Une première partie très brève et très travaillée qui pourrait être abordée comme une nouvelle à part entière : Le Mannequin. Une ambiance lynchienne, néo-noir, maniériste. L'auteur confessera ensuite « Je n'aime guère les photos, les enregistrements. Je préfère les images que j'ai gardées dans la tête, même si elles sont imprécises et lacunaires ... Ce sont les miennes, elles sont un peu vivantes. » Une citation renvoyant inévitablement à ce que déclare Fred Madison dans Lost Highway de David Lynch. La fragmentation et la déconstruction d'Entrée des fantômes sont proches de Mulholland Drive.
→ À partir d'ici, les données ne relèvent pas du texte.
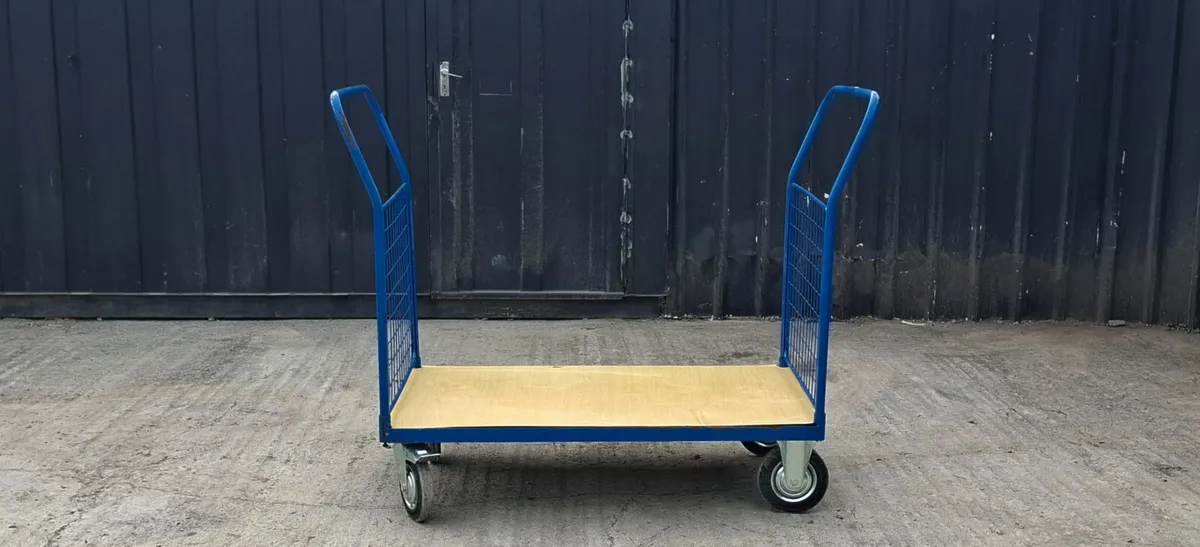 Heavy Duty Platform Truck – Mesh Front & Back - Image 2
Avec Entrée des fantômes - on apprécie au passage l'inversion du titre du dernier roman de Philip Roth Exit Ghost - Jean-Jacques Schuhl refuse la linéarité, la narrativité qui visiblement ne l'intéresse pas. Schuhl souhaite davantage jouer avec son lecteur, le dérouter, l'égarer, l'agacer un peu aussi et le piquer. A la manière des nouveaux romanciers (Butor, Robbe-Grillet) il s'interroge sur le pouvoir et l'intérêt du roman classique avec des personnages, des intrigues. Mais l'auteur ne livre jamais une oeuvre pédante ni théorique malgré d'innombrables références picturales (Bacon, Degas), théâtrales (Shakespeare), cinématographiques (Robert Wiene, Raoul Ruiz), musicales (Jazz)...
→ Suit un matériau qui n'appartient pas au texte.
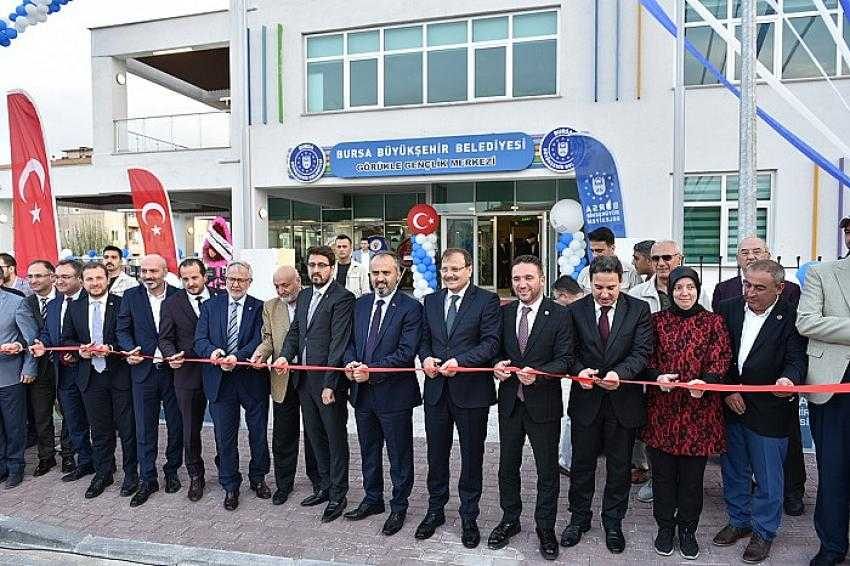 Görükle Gençlik Merkezi, hizmete açıldı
La seconde partie du livre, La nuit des fantômes est parsemée d'observations sur la vie, sur la mort, sur la création artistique et les acteurs auxquels l'auteur voue un certain culte. Jean-Jacques Schuhl semble se voir lui même comme un marionnettiste ou un metteur en scène de théâtre, créateur d'illusions, surtout dans la première partie du livre dans laquelle l'auteur joue sur les reflets, les contrastes, les couleurs dans un style très visuel et cinématographique, hanté par l'expressionnisme allemand.
L'auteur clame : « Ecrivain ! Mais alors si je voulais sauver un éventuel talent, il me fallait rester dans l'ombre : l'écrivain est un vampyre, un clandestin, un espion, un agent secret. » Docteur Mabuse ? Voici la définition d'un écrivain par un homme qui a visiblement du mal à se reconnaître comme tel, se disant journaliste ou sans profession... Le Goncourt reçu pour Ingrid Caven en 2000 ne lui a pas retourné la tête. Tant mieux. Il n'a pas simplifié son rapport à l'écriture. A nouveau : tant mieux ! Du moins pour le lecteur, tant l'auteur semble avoir accouché dans la douleur de cette oeuvre, sa quatrième seulement en 40 ans.
Dans Entrée des fantômes, Jean-Jacques Schuhl mêle tellement fiction et réalité qu'il est presque impossible de dissocier les deux. C'est en lisant des déclarations de l'auteur que l'on parvient un peu à tirer cela au clair, lui qui rêve de jouer dans Richard III. Schuhl écrivait : « Pourquoi un écrivain ne serait pas acteur Shakespearien ? Je demande pas à monter sur un ring, juste sur une scène ! » (p.111) puis, page suivante « J'aimerais jouer pour un soir le rôle de Richard III ».
Ce « machin » comme l'appelle l'auteur contient plusieurs niveaux de lecture, il en contient au moins deux : Un premier un tantinet nombriliste, l'autobiographie irritante, en manque d'inspiration puisque avare de matière fictive... Ou alors, la meilleure approche pour cet OVNI dans le paysage littéraire français, l'expérimentation et l'autopsie littéraire qui raviront ceux qui rêvent de lire quelque chose de neuf, de frais et de singulier.
Dans Entrée des fantômes, rien n'est de trop, tout est pesé et il s'agit vraiment de l'aventure d'une écriture pour paraphraser Jean Ricardou.